While I was on hiatus, I received many cards wishing me well and
a return to work. Well, I'm not quite up to doing my job, but the
Ball I can handle.
One of the most touching greetings I received was an e-mail from
Raljon, Md. The message read "Mr. Guru, I'm very sorry
to hear of your recent health troubles. As a great sports fan and
a truly patriotic American, I hope your condition won't keep you
from coming to my corner of the world and discussing a soon-to-be-available
position within my organization. I thank you for your consideration
and wish you well in making a complete recovery. Sincerely, mrcooke@redskins.com."
I spent most of the Skins' bye week with my wife, the lovely Lady
Fanwood, in an attempt to forget the horrors of the 1998
season. Saturday we journeyed to a pumpkin patch and Sunday she
took me a movie, Beloved.
I know what you're thinking, my friends. How can Le
Guru, a long-time pillar of manhood, go to see Beloved,
a serious chick flick? The answer is quite simple, sports lovers
- I was tricked by Lady F., who told me that the film was
about Coach Gibbs. Judging by the title, how could I have doubted
her? After all, the man did win the Bowl with three different QBs.

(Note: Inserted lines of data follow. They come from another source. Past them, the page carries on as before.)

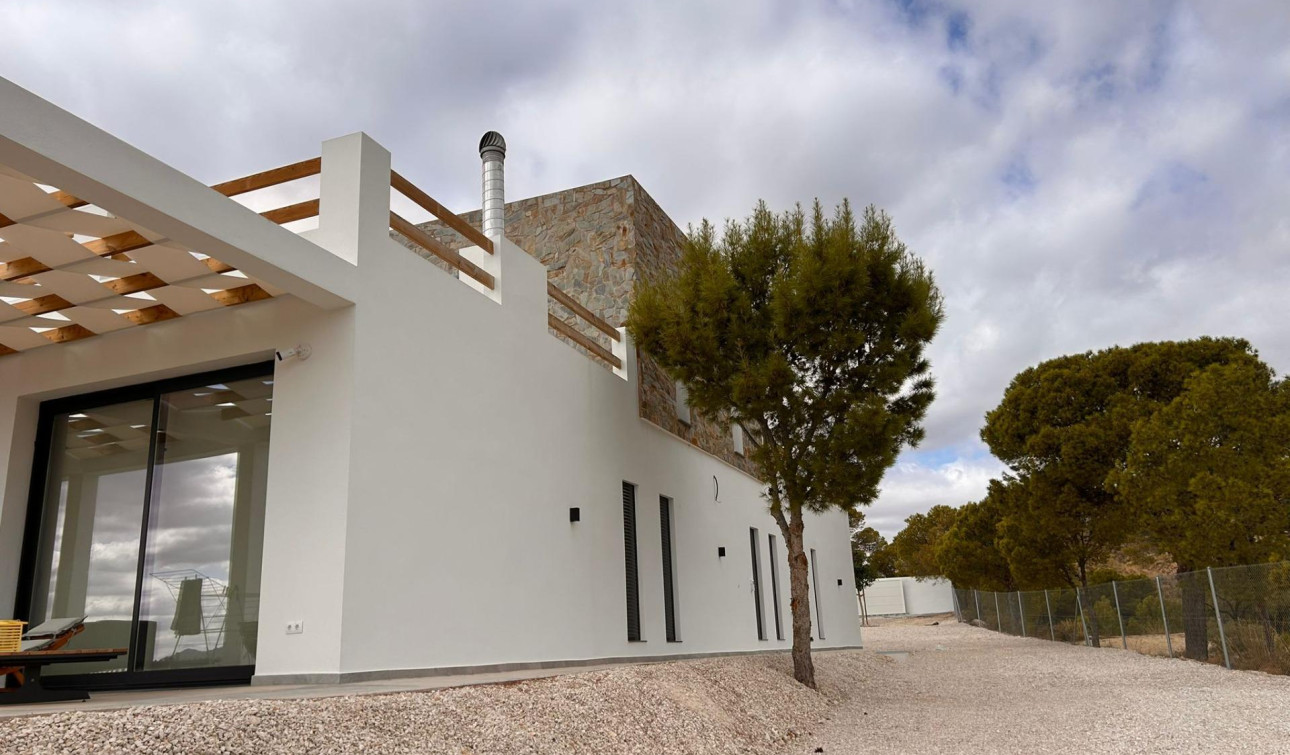 New Build - Detached Villa - Pinoso - Casas Pastor
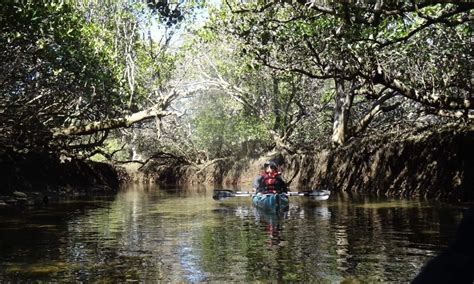 Adelaide Dolphin Sanctuary Kayaking Eco Tour | Experience Oz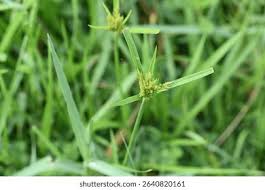 Image result for Pycreus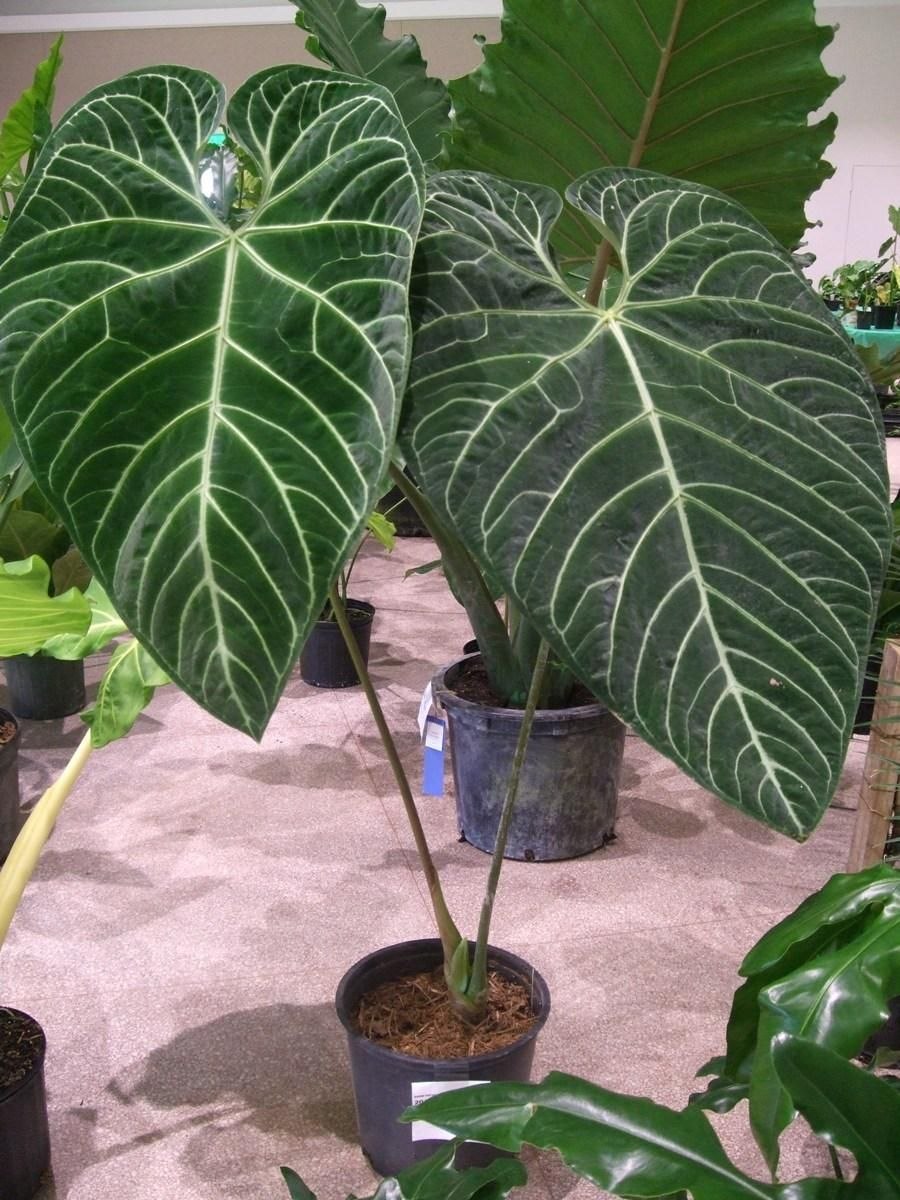 Антуриум Колорадо Пинк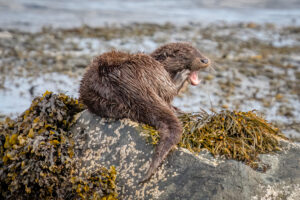 Otter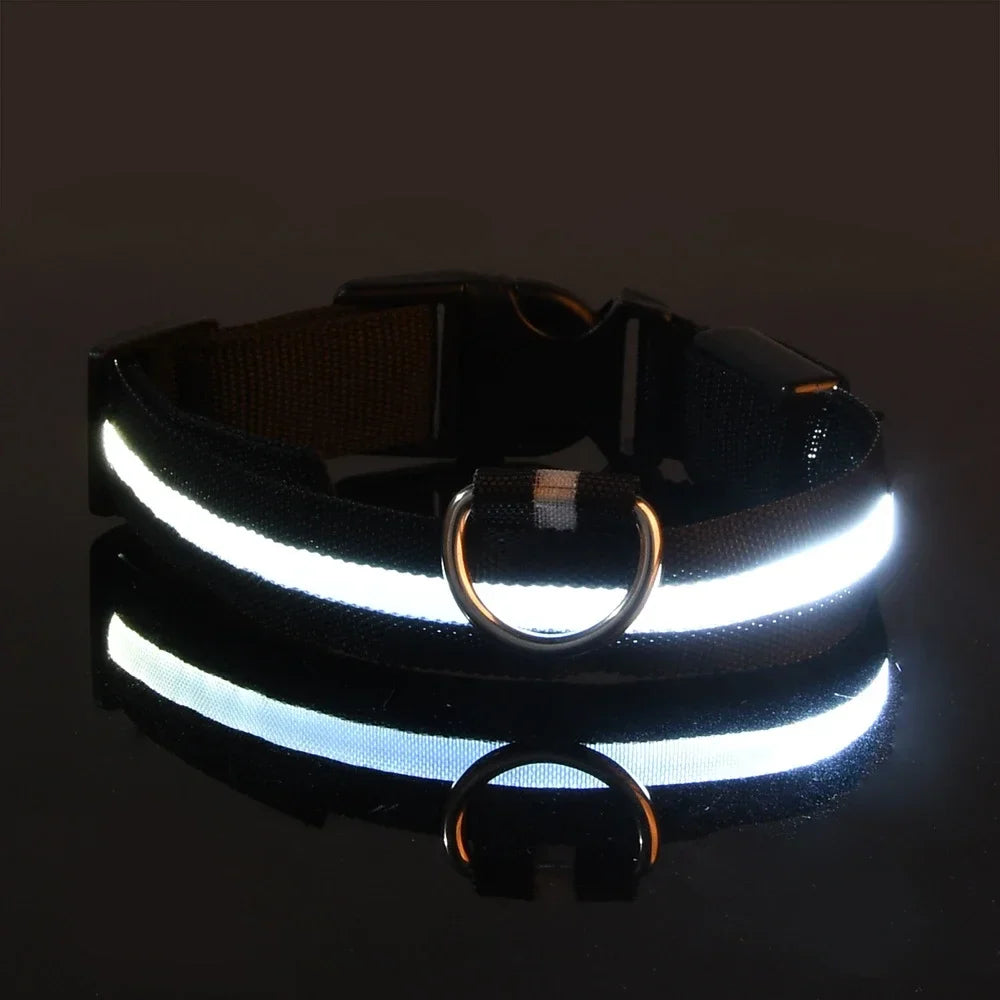 GlowPaws | LED Flashing Dog Collar for Night Safety
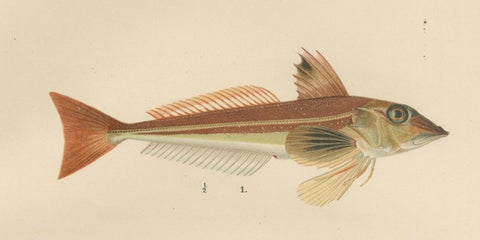 Gurnard, Butterfish, Blenny and Eelpout - 1895 Scandinavian Fish Lithograph, close-up 4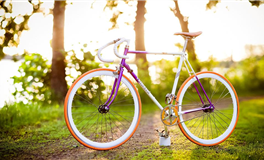 星座女神：白羊座本周运势（2.9-2.15）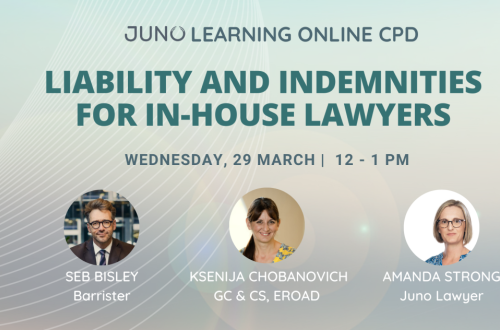 Juno Learning: Liability and indemnities for In-house Lawyers summary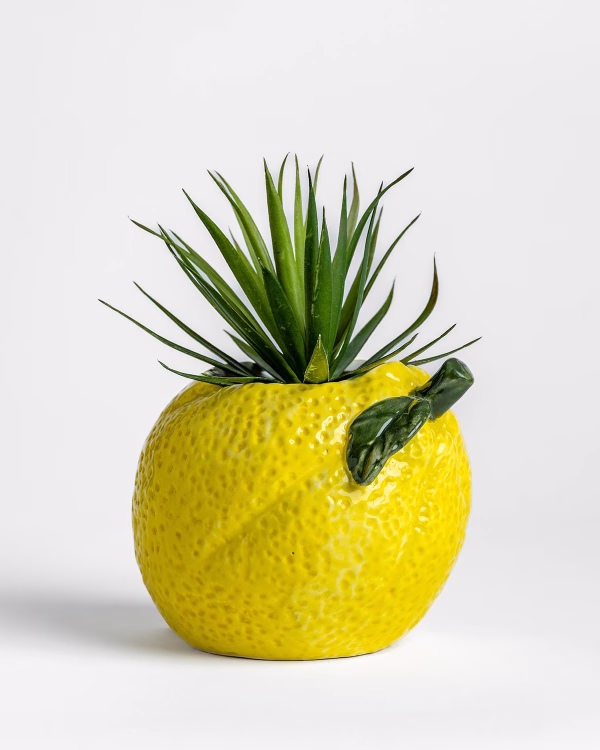 Lemon Planter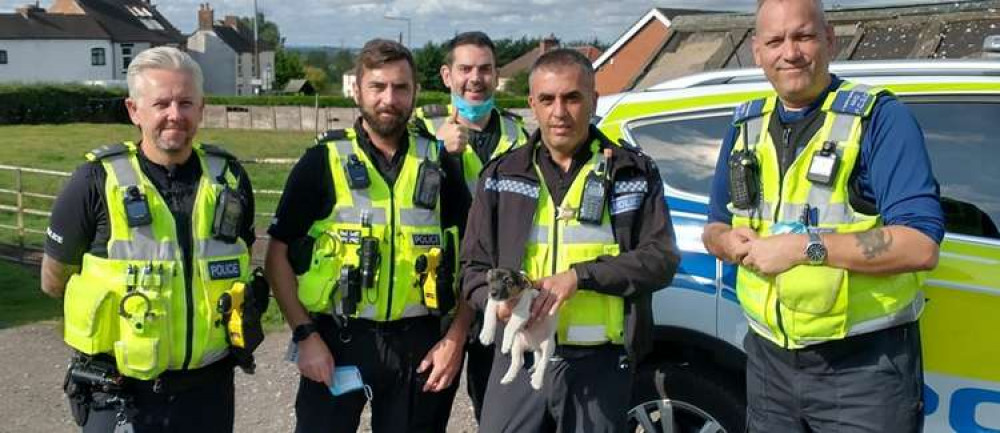 The SNT Team following the rescue of the animals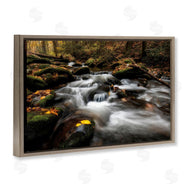 D. Burt | Fallen Leaves on Stream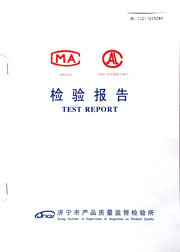 Municipal inspection report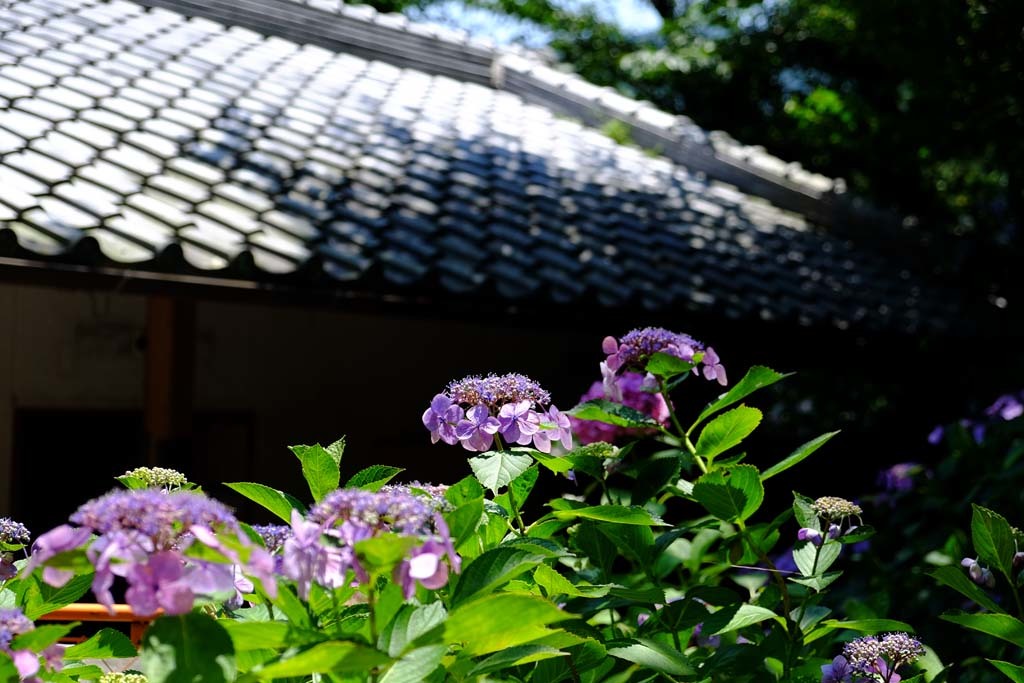 長谷寺の紫陽花@2018-06-25_d0250840_17414482.jpg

Despite the inexcusable appearance at the Sony Theatres - Mountainside,
I managed my first winning week of this football season, posting
a sterling 9-3 mark. With a couple more hot weeks, I'll edge near
mediocrity. My father, the inimitable
Chief Redskin,
must be proud.
Week 8 record: 9-3-0 (En fuego, my friends)
Season record: 34-42-3 (Norv's a little envious, methinks)
Norv T's record: 26-44-1 (That 26 looks awfully familiar.)
George's NCAA record: 51-62-1 (Click
for Saturday Selections, if you dare)
Here's a peek at some of this week's picks. To read game previews,
just click and enjoy! Then, tell the Guru
what you think of his selections at AQB's Speak
Out board.
Giants (-2) at Redskins: Is there anyone
who doesn't love the Skins in this one?
Jets (+5) at Chiefs:
Parcells in uphill battle vs Chiefs, calorie-filled KC barbecue.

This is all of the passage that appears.